Ik stel toch regelmatig vast dat er ook nog andere zaken naar boven komen en dan zegt men: ‘Dat staat er niet in’. Neen, dat staat er niet in. Ik denk dat we daarvoor behoedzaam moeten zijn. De kern van de toekomst zal zijn de inhoud van wat er in de klas gebeurt, en dat is iets wat je niet altijd als minister, parlement of regering in de hand hebt. Dus, sommige memoranda zijn goed en die kan men dan op de eigen studiedag projecteren met de vraag: wat gaan wij eraan doen?
In het woord ‘memorandum’ zit ‘memo’ of een herinnering aan zichzelf. Dat lijkt me soms zeer interessant.
Ik heb weinig aanvullende vragen gehoord, wel opmerkingen. Ik probeer consequent te zijn.
Nog eens, collega Daniëls, ik ben blij dat u ook zelf zegt dat veel antwoorden op zorgen liggen in hervormingen die wij ook hebben goedgekeurd en die hier straks nog aan bod komen. Ik denk dat we in deze legislatuur echt de hand aan de ploeg slaan om te proberen een aantal serieuze versterkingen aan te brengen die de kwaliteit van ons onderwijs kunnen verbeteren.

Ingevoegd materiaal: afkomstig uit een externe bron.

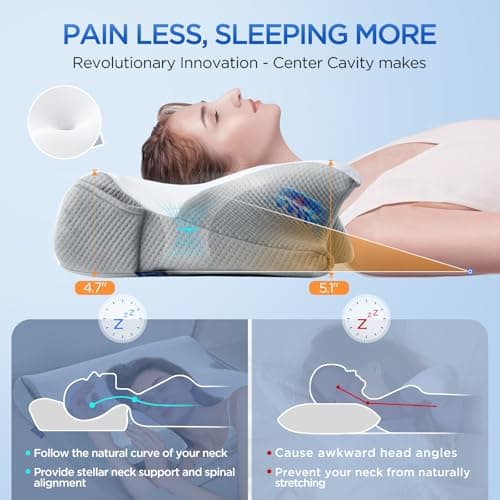 Effective Pain Relief Cervical Neck Pillow for Sleeping, Memory Foam Pillows for Neck Support, Odorless Contour Side Pillow, Ergonomic Bed Pillow for Back Stomach Sleeper (White and Grey) - Thumbnail 2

Mijn grootste probleem met de memoranda zoals ik ze heb gelezen – ik was eigenlijk niet van plan om het te zeggen, maar ik ga toch zeggen – is dat ik weinig lees over wat men zelf gaat doen om de administratieve last naar beneden te halen. Dat is een van mijn grote frustraties. Ik kan mij daar ontzettend over opwinden. Wat zal men doen om de angst van scholen om bestraft te worden als ze iets niet rapporteren, naar beneden te halen? Ik heb daar echt de hulp en de steun nodig, ja ook van de pedagogische begeleidingsdiensten, om daar wat zuurstof te geven. Als alles wat wij regelluw maken, opgevuld wordt door eigen interpretaties, dan zitten we met een bijna onoverkomelijk probleem. Daar had ik graag een paar hoofdstukken over gelezen.

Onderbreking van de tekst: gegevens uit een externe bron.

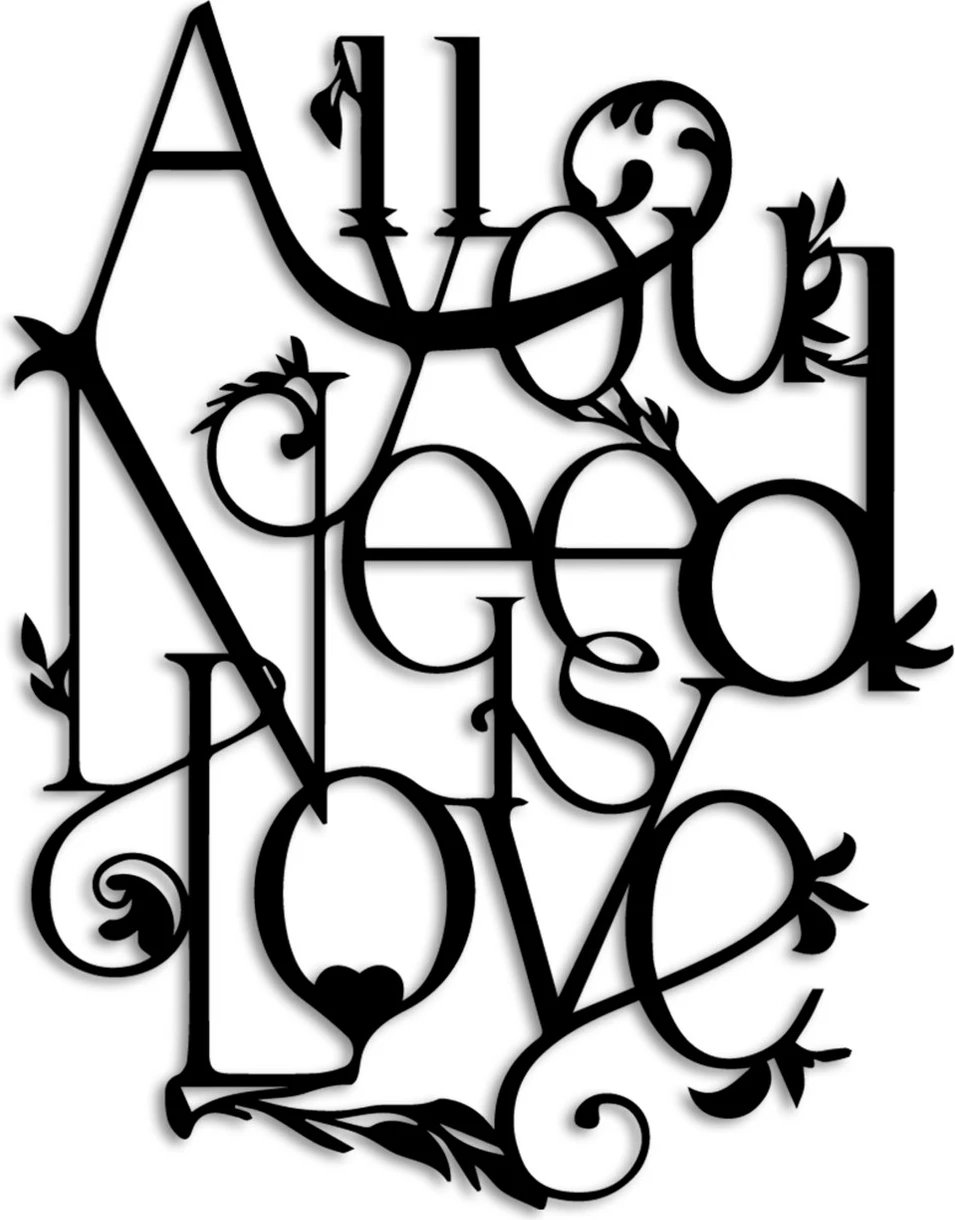 Aksesor dekorativ metalik për mur, All You Need is Love, ngjyrë e zezë, 44x57cm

De heer Van Dijck nam daarnet wat dichterlijke vrijheid. Ik ga inspelen op de laatste zinnen van de minister en de onvolprezen Stijn De Paepe ook wat naar mijn hand zetten. Het is niet omdat hij er regelmatig partijen en politici ‘doorsleurt’ – dat is zijn artistieke vrijheid en hij moet dat vooral blijven doen – dat ik hem er niet graag even bij neem.
Scholieren demonstreren
tijd voor actie
een vraag om uitleg
leven in de fractie
En als nu eens die club
van hooggeachten
zelf een loopbaanpact zou sluiten
in plaats van met memoranda de toekomst af te wachten.